— AIM OF THE TASK —
Each line from the first entry to the line with "Big tech is", both included, is to be returned unchanged, with any pictures dropped.

(Scraped caption text data)

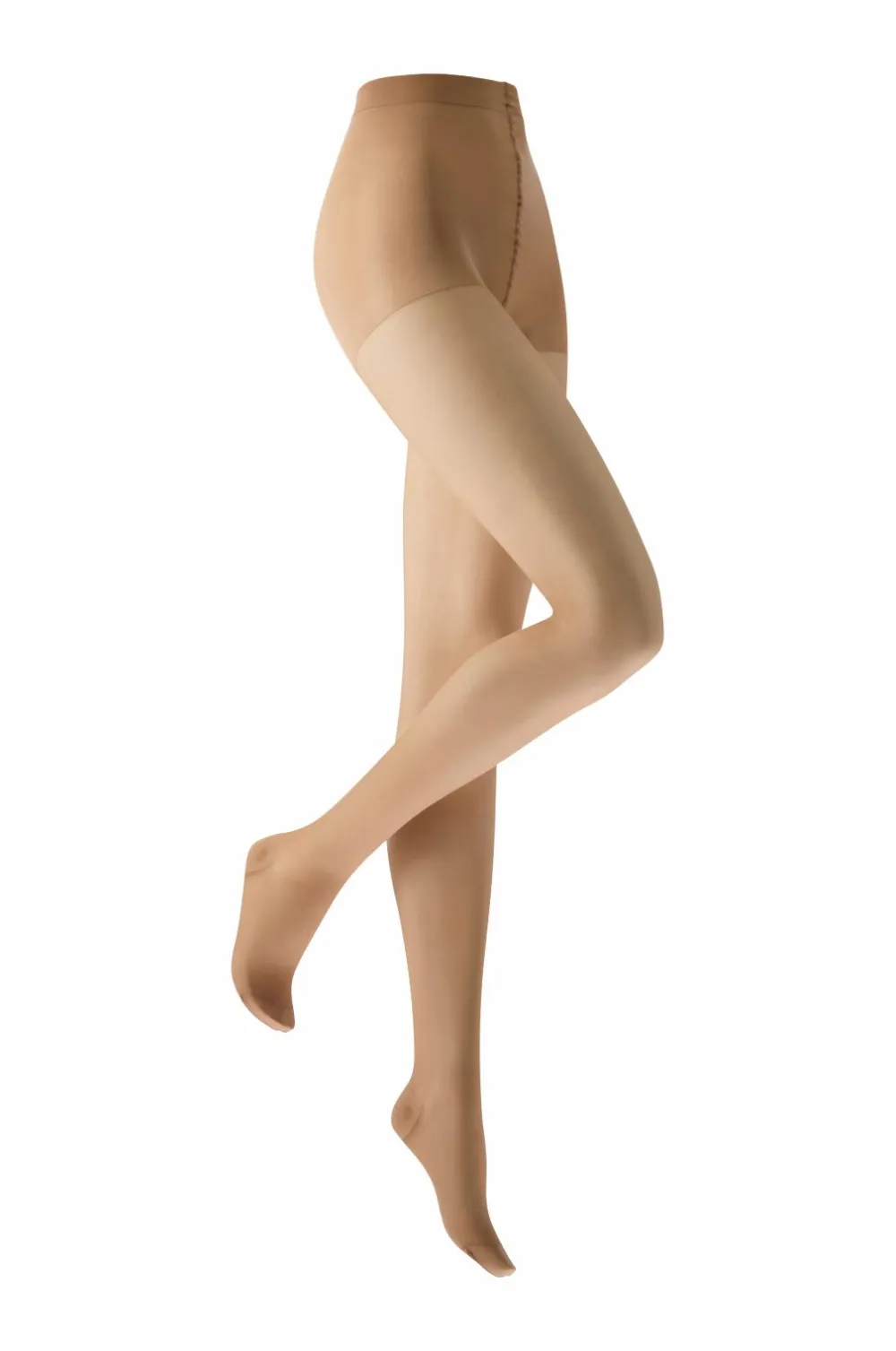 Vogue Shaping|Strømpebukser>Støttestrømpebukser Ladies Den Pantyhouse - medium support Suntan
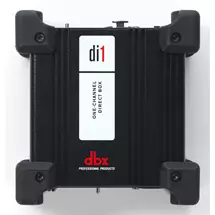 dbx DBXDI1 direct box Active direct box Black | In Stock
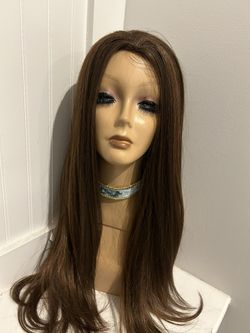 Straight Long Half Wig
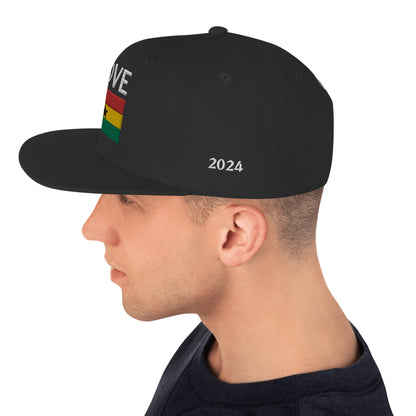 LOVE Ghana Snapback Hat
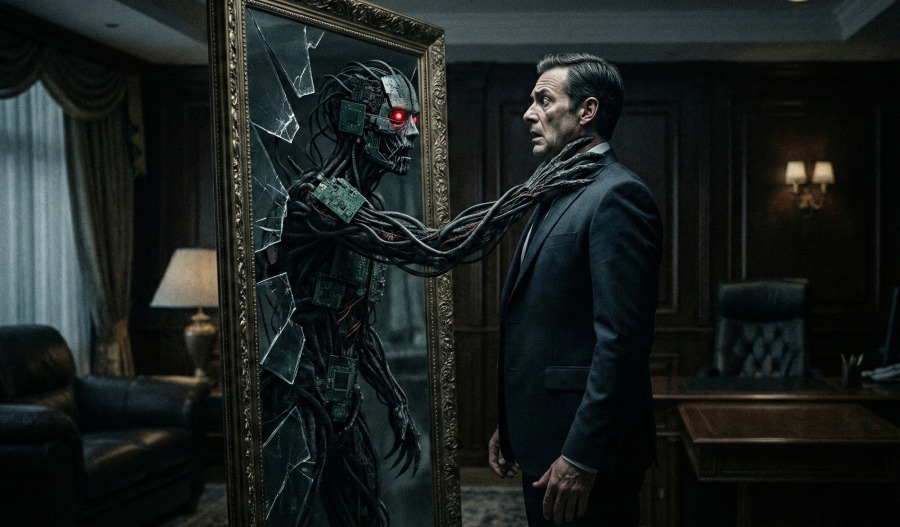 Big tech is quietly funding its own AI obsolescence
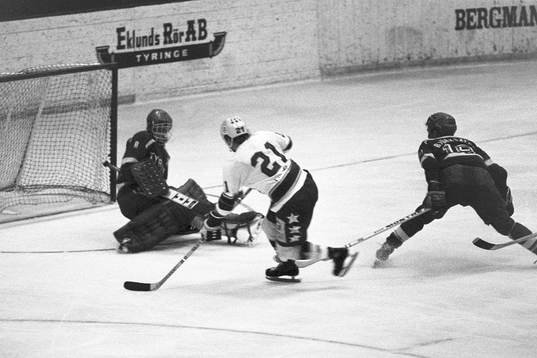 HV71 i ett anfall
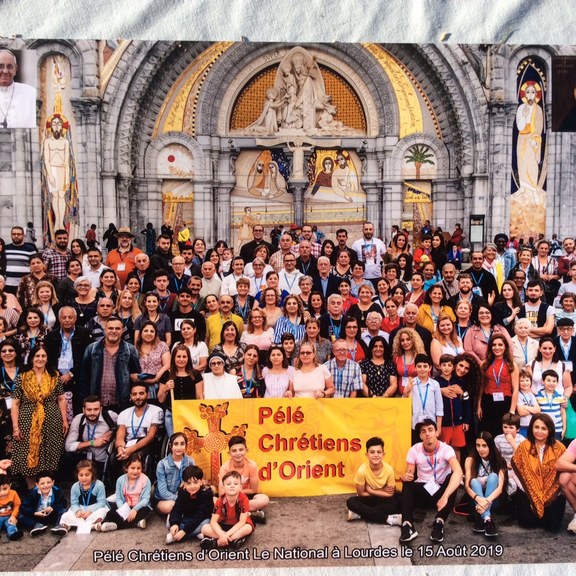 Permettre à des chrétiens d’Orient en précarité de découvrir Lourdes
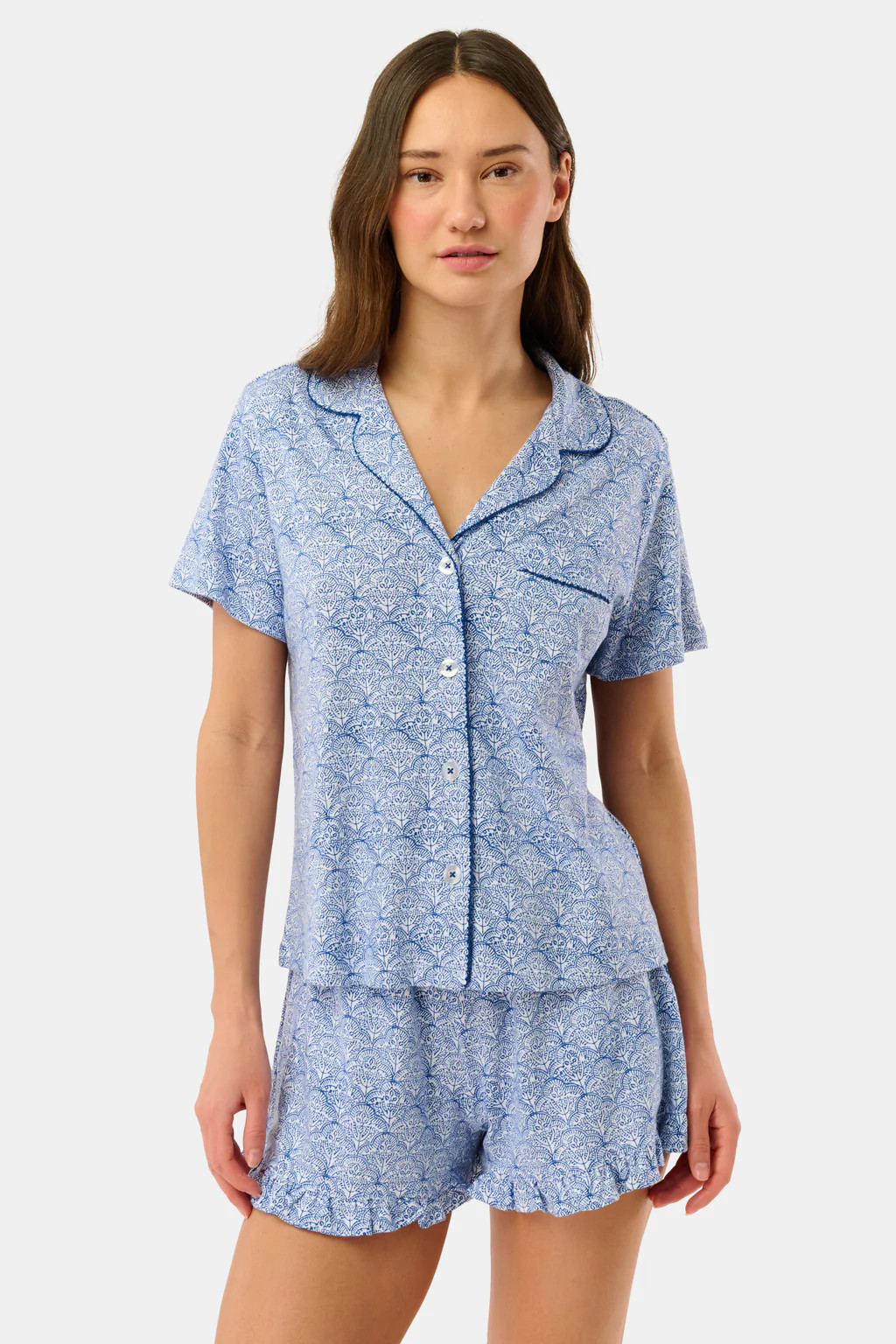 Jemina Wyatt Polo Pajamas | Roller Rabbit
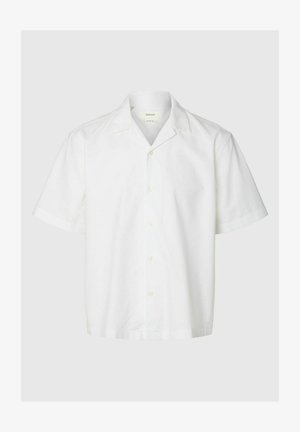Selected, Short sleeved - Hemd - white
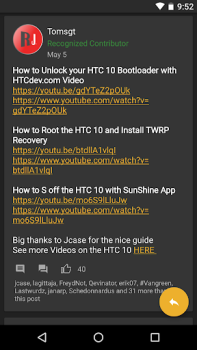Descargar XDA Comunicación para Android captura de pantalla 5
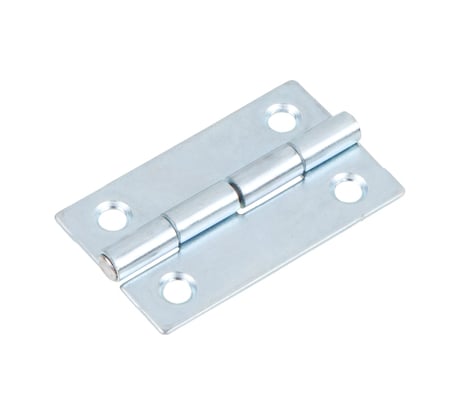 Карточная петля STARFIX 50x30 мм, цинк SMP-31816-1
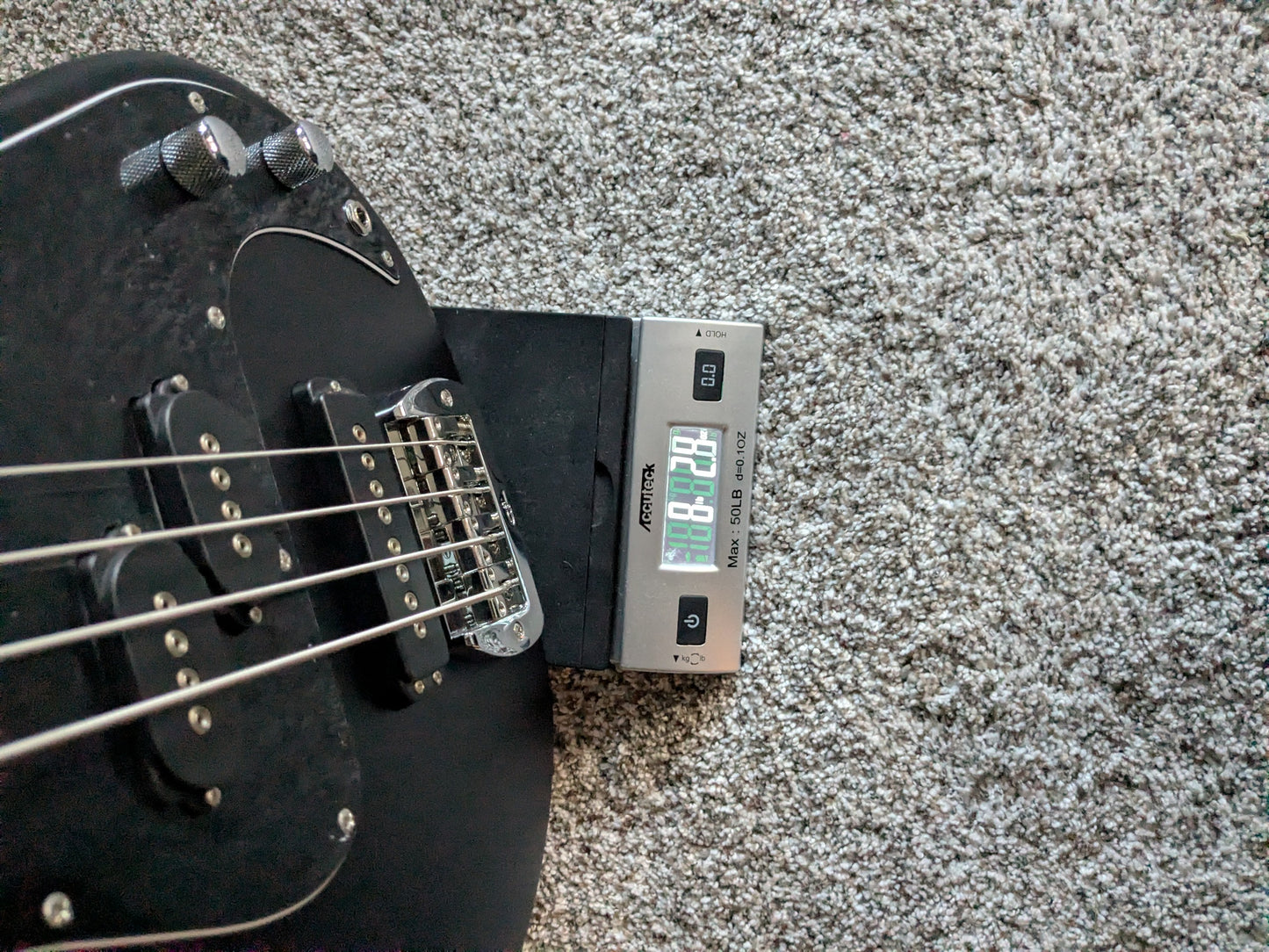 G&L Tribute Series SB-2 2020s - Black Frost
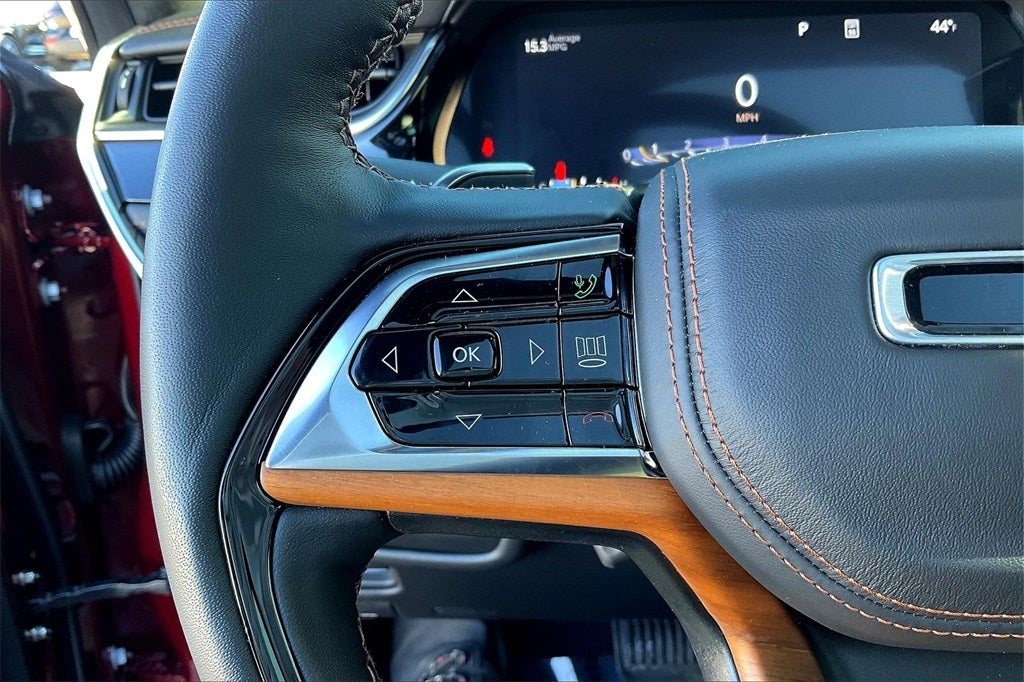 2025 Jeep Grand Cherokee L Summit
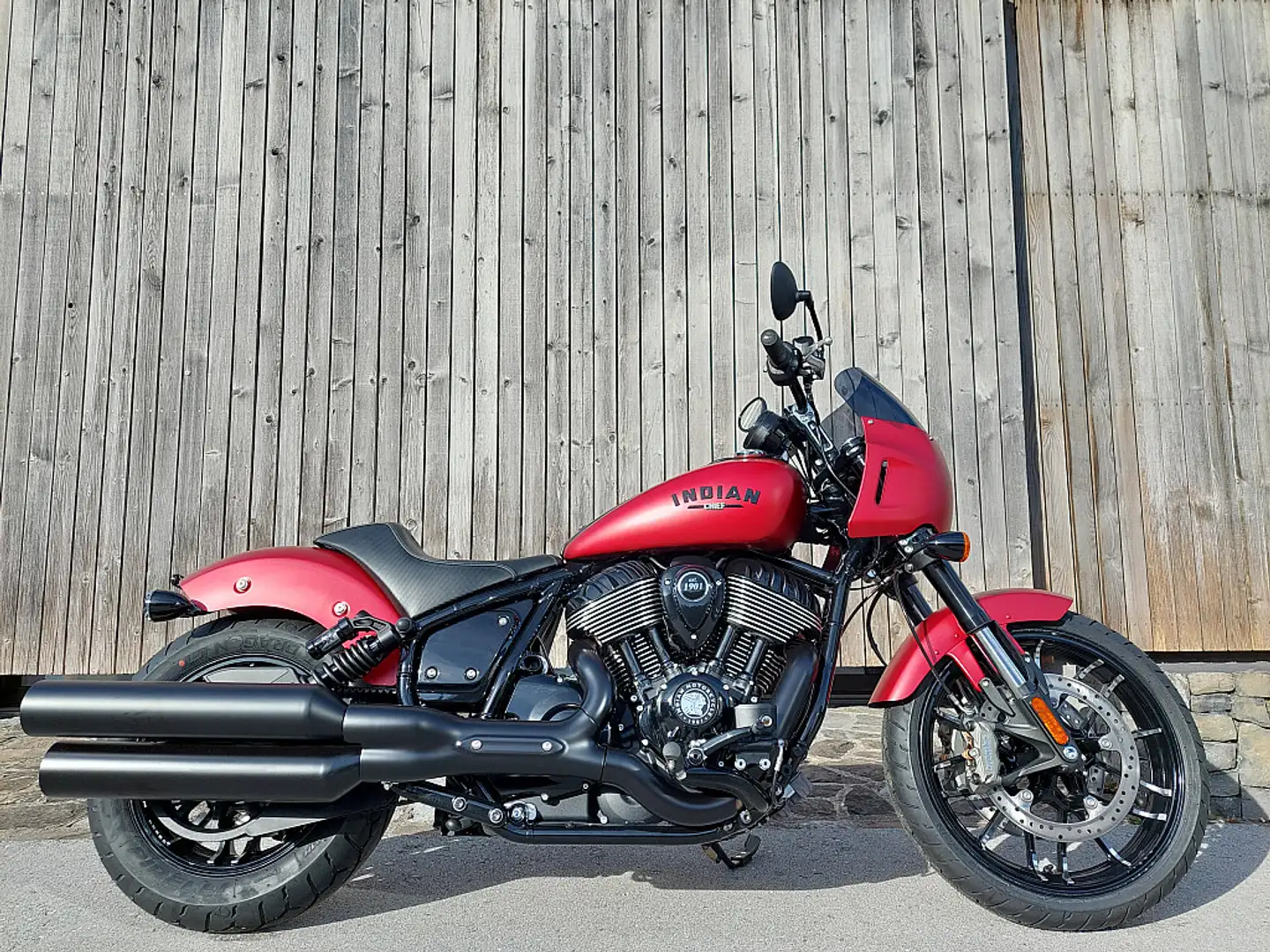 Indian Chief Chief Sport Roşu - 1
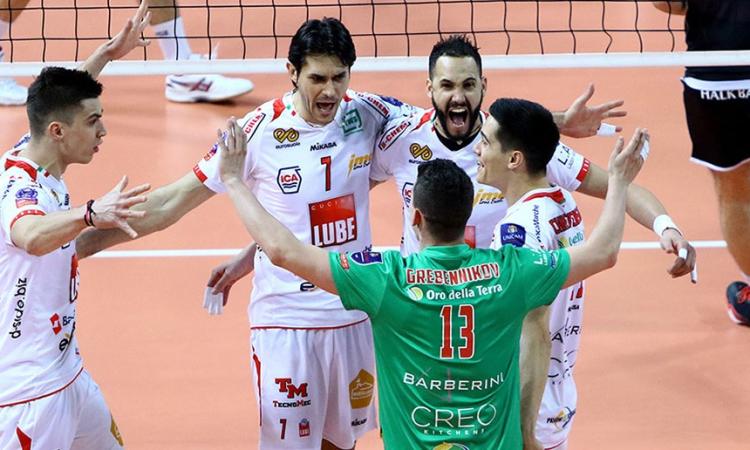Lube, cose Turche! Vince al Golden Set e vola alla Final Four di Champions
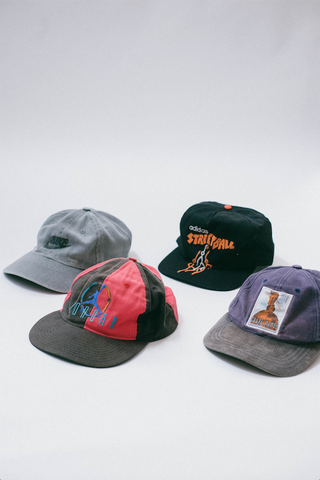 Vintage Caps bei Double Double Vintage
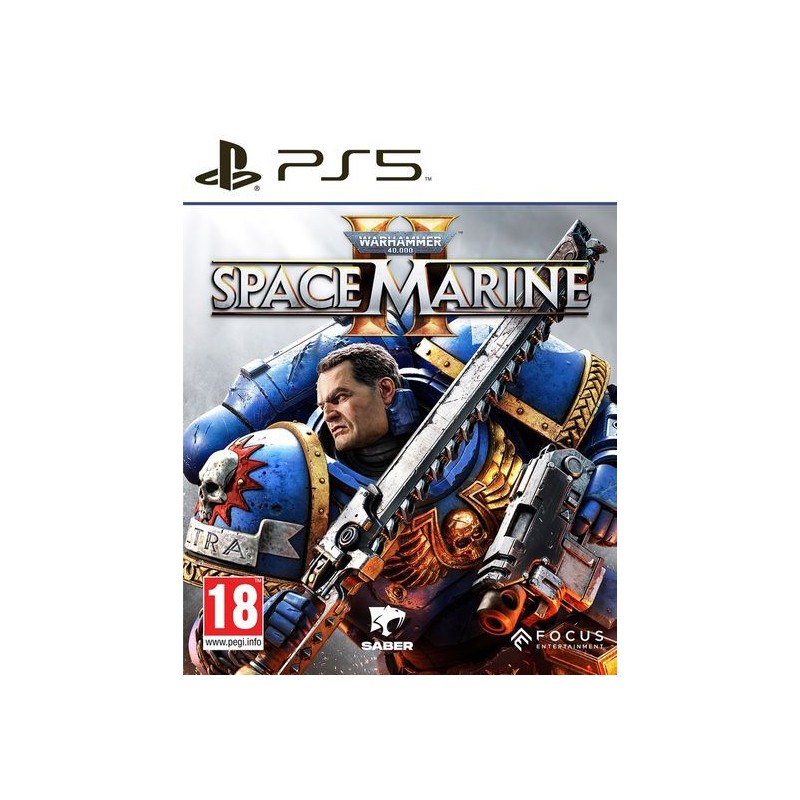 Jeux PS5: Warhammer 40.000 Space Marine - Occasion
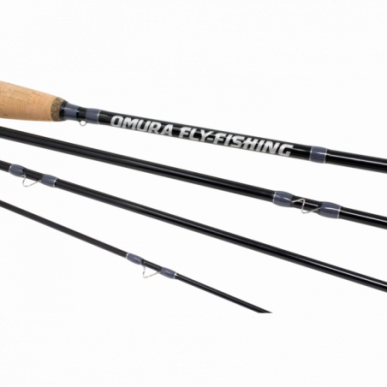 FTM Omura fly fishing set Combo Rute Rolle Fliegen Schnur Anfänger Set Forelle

— RESPONSE AREA —
 Vogue Shaping|Strømpebukser>Støttestrømpebukser Ladies Den Pantyhouse - medium support Suntan
 dbx DBXDI1 direct box Active direct box Black | In Stock
 Straight Long Half Wig
 LOVE Ghana Snapback Hat
 Big tech is quietly funding its own AI obsolescence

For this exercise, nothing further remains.